Field type: Vec<String>. Populated at read time from the junction table.

Effect on generated code:

  • SeaORM: a full junction table entity is generated (e.g., workout_tags) with BelongsTo relations to both sides. The source entity gets Related<TargetEntity> with via().
  • Store: create_*() and update_*() call sync_junction() to keep the junction table in sync. populate_*_relations() loads related IDs via the junction table.
  • DTOs: the field appears in both CreateInput and UpdateInput as Vec<String>.

Here’s what’s valid and what’s not:

AnnotationValid field typesNotes
idStringExactly one per entity.
bodyStringAt most one per entity. Only meaningful for Markdown I/O.
enum_fieldOption<EnumType>, EnumTypeThe enum must handle its own string conversion.
skipAnyExcluded from everything.
multiline_listVec<String>, Vec<T>Markdown rendering only.
default_valueString, Option<String>Markdown rendering only.
relation(belongs_to)String, Option<String>FK column on this entity.
relation(has_many)Vec<String>Reverse FK on the target. Requires foreign_key.
relation(many_to_many)Vec<String>Junction table. Optional junction attribute.

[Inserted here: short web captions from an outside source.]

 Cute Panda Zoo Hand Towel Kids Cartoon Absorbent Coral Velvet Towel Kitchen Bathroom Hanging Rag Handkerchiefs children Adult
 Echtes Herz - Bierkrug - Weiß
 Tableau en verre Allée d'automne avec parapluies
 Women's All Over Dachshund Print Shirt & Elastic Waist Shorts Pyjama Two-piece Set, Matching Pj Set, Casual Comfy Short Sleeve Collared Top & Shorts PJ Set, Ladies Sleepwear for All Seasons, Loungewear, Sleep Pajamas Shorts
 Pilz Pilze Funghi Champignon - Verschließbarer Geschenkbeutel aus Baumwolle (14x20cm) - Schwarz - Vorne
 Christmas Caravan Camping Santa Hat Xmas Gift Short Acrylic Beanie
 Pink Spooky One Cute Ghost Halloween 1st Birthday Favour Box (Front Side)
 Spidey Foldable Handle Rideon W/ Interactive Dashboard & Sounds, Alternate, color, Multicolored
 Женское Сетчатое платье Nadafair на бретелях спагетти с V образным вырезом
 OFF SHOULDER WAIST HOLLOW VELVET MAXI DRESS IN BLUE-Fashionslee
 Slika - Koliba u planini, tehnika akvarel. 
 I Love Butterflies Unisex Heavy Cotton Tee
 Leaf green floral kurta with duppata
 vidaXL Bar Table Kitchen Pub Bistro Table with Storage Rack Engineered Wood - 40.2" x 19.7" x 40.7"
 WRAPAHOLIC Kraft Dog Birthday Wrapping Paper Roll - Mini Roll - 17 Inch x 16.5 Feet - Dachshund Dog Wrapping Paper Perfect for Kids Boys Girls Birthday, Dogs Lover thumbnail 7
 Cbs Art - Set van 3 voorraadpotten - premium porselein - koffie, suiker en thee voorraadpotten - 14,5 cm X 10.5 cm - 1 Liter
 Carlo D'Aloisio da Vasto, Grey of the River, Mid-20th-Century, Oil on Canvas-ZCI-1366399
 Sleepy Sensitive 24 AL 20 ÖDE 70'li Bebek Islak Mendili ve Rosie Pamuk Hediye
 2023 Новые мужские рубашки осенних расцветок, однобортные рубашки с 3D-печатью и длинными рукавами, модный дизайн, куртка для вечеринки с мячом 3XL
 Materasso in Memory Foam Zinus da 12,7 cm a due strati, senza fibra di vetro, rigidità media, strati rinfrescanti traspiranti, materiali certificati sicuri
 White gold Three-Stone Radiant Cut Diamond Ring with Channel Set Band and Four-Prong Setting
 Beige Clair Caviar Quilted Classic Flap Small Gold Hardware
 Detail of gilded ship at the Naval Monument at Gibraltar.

Fields with no #[ontology(...)] annotation are treated as FieldRole::Plain. They’re included in all generated code as regular data fields.


Your entity struct needs these derives alongside OntologyEntity:

#[derive(Debug, Clone, Serialize, Deserialize, OntologyEntity)]
  • Serialize and Deserialize are needed because generated DTOs, transport layers, and Markdown I/O all depend on serde.
  • Clone is needed because several generated functions clone entities (e.g., cloning the entity before mutation in update flows).
  • Debug is not strictly required but strongly recommended — error messages reference entity state.